Should setters mutate, move, or clone the value?


The guideline (which claims to be approved by RFC #344) says that the setter should have the format set_foo(&self, val: T) (or set_foo(&self, val: &T), but I’d ignore this issue for the rest of this post). However, a method with such a signature could not function as a setter at all.

So what is the right signature?

  • Mutates the value: set_foo(&mut self, val: T) (Modifies the value in-place)
  • Moves the value: set_foo(self, val: T) -> SomeType (Consumes the value, modifies it in place, and returns it)
  • Clones the value: set_foo(&self, val: T) -> SomeType (Do a functional update on a value and return the new value)


Rust datastructures do not act functionally, they take &mut self instead of &self when they need to mutate.

I would say to use set_foo(&mut self, val: T) for a conventional setter. If your API would like to follow a builder pattern API however, you could do something like your second example: foo(self, val: T) -> SomeType


That was what I initially thought. However, if you have a setter that moves, you can use it like a setter that mutates. On the other hand, if you have a setter that mutates, I don’t think you can use it like a setter that moves. Correct me if I am wrong.
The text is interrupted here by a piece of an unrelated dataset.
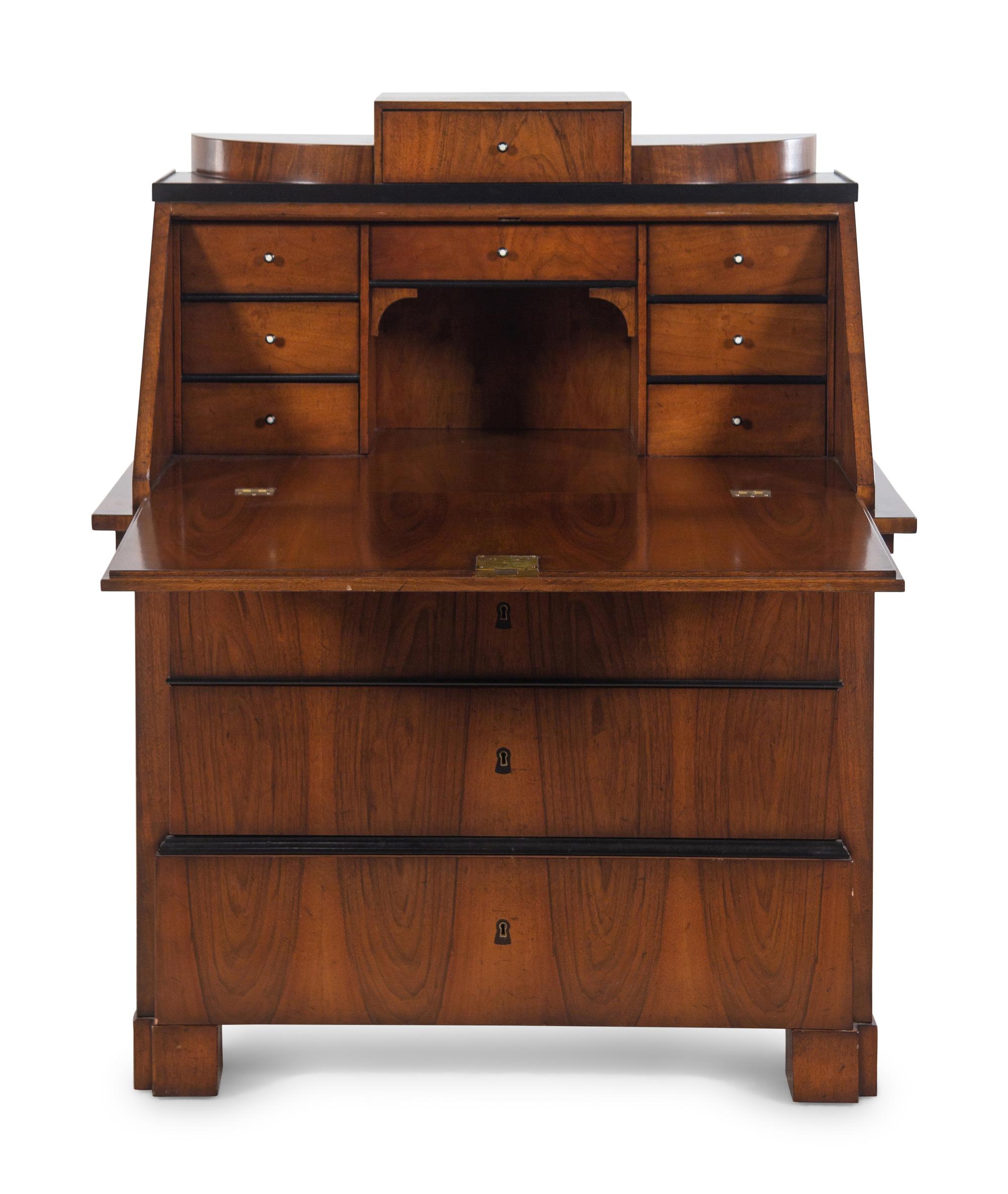 A Biedermeier Parcel Ebonized Birch Slant-Front Secretary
However, having setters that move seem to be slightly more counter-intuitive than setters that mutates, though.

Code example:

struct Foo {
    val: int,
impl Foo {
    fn inc(mut self) -> Foo { self.val += 1; self }

fn main() {
    let mut x = Foo{val: 1,};
    x =;
    let val = x.val;
    print!("{}" , val);

Playground link

I initially thought that this code would not compile, but the borrow checker is apparently OK with this. Also note that x does not have to be mut to be able to call, since it is mut self, not mut& self. (In that case, it would be impossible to reassign the result to x, though.)


rust-modifier uses traits so that you define how a type can be used to modify a struct and then you automatically get both types of setters.
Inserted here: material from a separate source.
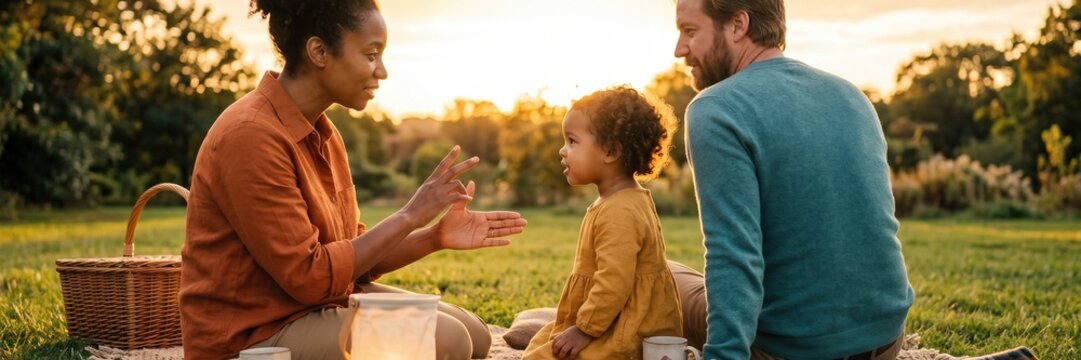Parents guide their child during an outdoor educational activity. Concept of supportive parenting curiosity and learning through play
using &mut self for setters should be you default choice. Through using just self might be useful e.g. in a builder pattern. Many builders out there (in other languages) do mutate the object/data and the return itself, so using fn set_x(&mut self, v: T ) -> Self might be preferable.


That’s only reasonably possible for Copyable types though.


Even for Copy or Clone types, I don’t think that this is a good idea. This requires unnecessary copying or cloning, which degrades the performance. This might be OK for languages that don’t strive for performance, though.


Oh, that’s true returning Self might not be the best idea. (I was to deep in JavaWorld where returning Self means returning a reference/pointer, so the rust equivalent would be fn set_x<'a>(&'a mut self, v: T) -> &'a mut Self This would allow both single and chained, builder like setting of states, through I’m not sure if it has performance penalties)

Also note that the solution posted above by me has not only performance penalties but might also introduce bugs/inconsistence when single and chained calling style is mixed


Coming partly from the Java world, I have been reaching for the builder pattern part of the toolbox repeatedly, and have found that the pattern

fn set_x<'a>(&'a mut self, v: T) -> &'a mut Self

is extremely familiar and useful. So much so that I’ve been wondering if there is a reasonable way to add some liftime elision or sugar of some kind to make it a more obvious and less noisy one.


It already works fine with Lifetime elision, doesn’t it?

fn set_x(&mut self, v: T) -> &mut Self


Doh. You are right. I was recalling an earlier issue. It is now a good and simple pattern to use.


That pattern doesn’t work if self is not mutable, and you want to move it to a new value.

let a = Foo::new(); let b = a.set_x(…);


It would be a bit inconvenient for that situation, but I think explicitly cloning the object would be a reasonable solution for when you really do want that.

let a = Foo::new();
let mut b = a.clone();
// or, to avoid mutability more
let b = {
    let mut temp = a.clone();

It certainly isn’t as nice as just having the methods return a new object, but I would guess the majority of people using setters will just be wanting to use them on the same object, and in that case using references is cheaper than implicitly cloning.